Non basta dissociarsi dalla guerriglia del Black Block; non basta
denunciare le violenze delle forze dell'ordine.
Quel che è accaduto a Genova ha radici profonde e mette in evidenza limiti,
approssimazioni, ambiguità di un movimento troppo variegato, che ha
allargato indistintamente i propri confini.
Per mesi il GSF ha tollerato ed accettato l'obiettivo delle tute bianche:
"invadere la zona rossa". Il subcomandante dei centri sociali, promosso sul
campo a vice portavoce del GSF, ha farneticato per settimane di "guerra ai
G8", ha dichiarato che "l'illegalità diffusa è alla base del cambiamento",
ha definito i poliziotti "soldati dell'impero". Il GSF anziché sconfessare
le tute bianche ed escluderle dal movimento, ha concesso loro il
riconoscimento politico e le ha accettate come parte integrante e
prioritaria.

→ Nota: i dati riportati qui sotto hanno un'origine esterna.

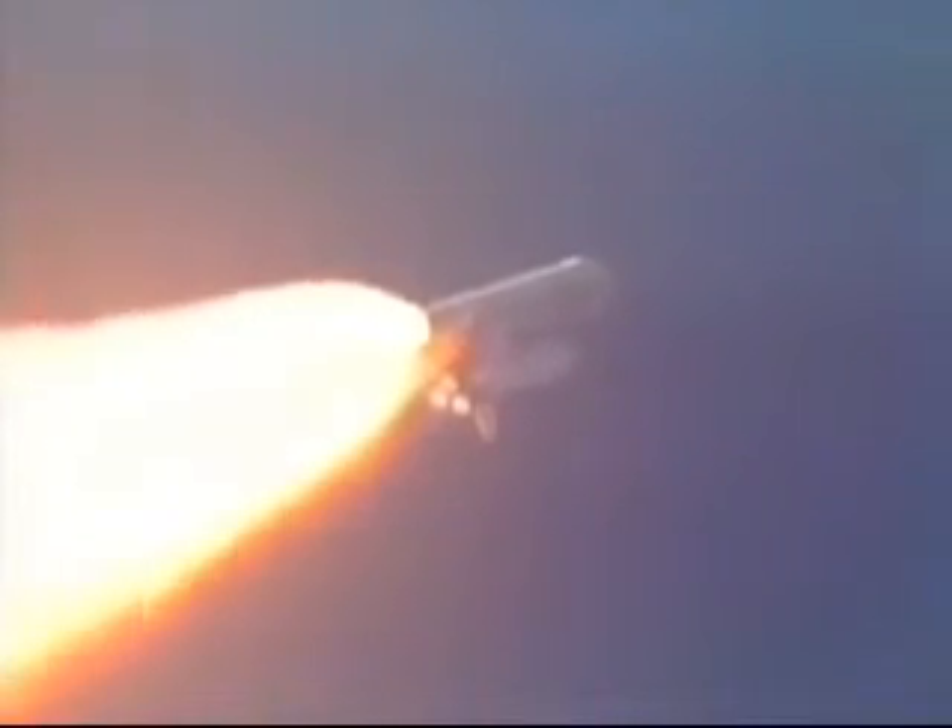Columbia, go with throttle up. Copy, go with throttle up. One minute, 20 seconds, the three liquid-fueled engines are back at full throttle. Good fuel cells — electrical producing fuel cells aboard the orbiter and hydraulic systems all in good shape. Columbia is now traveling 1,900 miles per hour, already downrange from the launch site, 11-and-a-half miles at an altitude of 18 miles.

Il portavoce dei centri sociali ha conquistato la scena, si è
messo sotto i riflettori e davanti alle telecamere: obiettivo raggiunto. Da
quel giorno il capo delle tute bianche ha indossato la maschera da buono,
dichiarando che loro sarebbero andati ad invadere la zona rossa "solo con i
corpi, con gli scudi ma senza bastoni" e avrebbero deposto anche le divise.

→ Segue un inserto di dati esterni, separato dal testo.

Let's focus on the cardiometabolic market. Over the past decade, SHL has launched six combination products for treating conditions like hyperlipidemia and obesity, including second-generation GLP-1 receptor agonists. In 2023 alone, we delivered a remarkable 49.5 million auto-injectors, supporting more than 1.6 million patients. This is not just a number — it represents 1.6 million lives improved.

Un consumato politico. Ma chi semina vento raccoglie tempesta. Carlo
Giuliani, il 23enne morto, ha preso sul serio le parole di sfida e di odio,
ha creduto alla guerra contro i G8 e con un estintore voleva colpire un
soldato dell'impero. Le parole sono pietre! Tollerare politicamente chi ha
enfatizzato gli animi con proclami e addestramenti al corpo a corpo, è
stato un errore clamoroso da parte del GSF. Come è stato un errore
mantenere il corteo del 21 luglio dopo la tragedia annunciata del ragazzo
morto.
Quando Gandhi assistette a violenze scatenate dall'interno del suo
movimento, sospese ogni campagna in atto. La nonviolenza è una cosa seria,
che non si improvvisa. E' da irresponsabili convocare migliaia di persone
ad una manifestazione politica delicata, senza avere la capacità e gli
strumenti per gestirla.
Genova lascia una ferita aperta, che non si può richiudere addossando tutta
la colpa alla polizia, né si può esorcizzarla dichiarando "vittoria" perché
il G8 è stato ridimensionato, come ha fatto avventatamente il portavoce del
GSF. I problemi del movimento sono ben  più profondi e tali resteranno
finchè non si affronterà seriamente il nodo della nonviolenza. A partire
dai contenuti, ancora troppo vaghi e generici per un movimento che si
prefigge addirittura lo stravolgimento dei rapporti economici mondiali.
Ci vuole ora una pausa di riflessione, una purificazione. Ci vuole un lungo
lavoro per creare omogeneità di intenti e di linguaggio, di strategia e di
tattica. Un movimento non può fare scorciatoie. Deve crescere lentamente,
nella chiarezza. Diversamente si combinano solo guai.
E ancora una volta la nonviolenza è questione centrale.